[Web page caption snippets]
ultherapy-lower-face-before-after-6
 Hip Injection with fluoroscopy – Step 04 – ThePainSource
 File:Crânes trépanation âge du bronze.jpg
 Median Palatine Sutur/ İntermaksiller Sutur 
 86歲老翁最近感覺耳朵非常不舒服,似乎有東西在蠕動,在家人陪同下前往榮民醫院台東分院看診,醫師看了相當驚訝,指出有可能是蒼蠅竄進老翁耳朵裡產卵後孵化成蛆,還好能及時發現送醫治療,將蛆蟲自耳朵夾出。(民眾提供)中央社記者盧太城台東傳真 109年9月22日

**WHAT IS EXPECTED**
Your reply should consist only of the lines from the one containing "Median Palatine Sutur/ İntermaksiller Sutur" through the last line of the records, each reproduced exactly.

**WORKED SOLUTION**
 Median Palatine Sutur/ İntermaksiller Sutur 
 86歲老翁最近感覺耳朵非常不舒服,似乎有東西在蠕動,在家人陪同下前往榮民醫院台東分院看診,醫師看了相當驚訝,指出有可能是蒼蠅竄進老翁耳朵裡產卵後孵化成蛆,還好能及時發現送醫治療,將蛆蟲自耳朵夾出。(民眾提供)中央社記者盧太城台東傳真 109年9月22日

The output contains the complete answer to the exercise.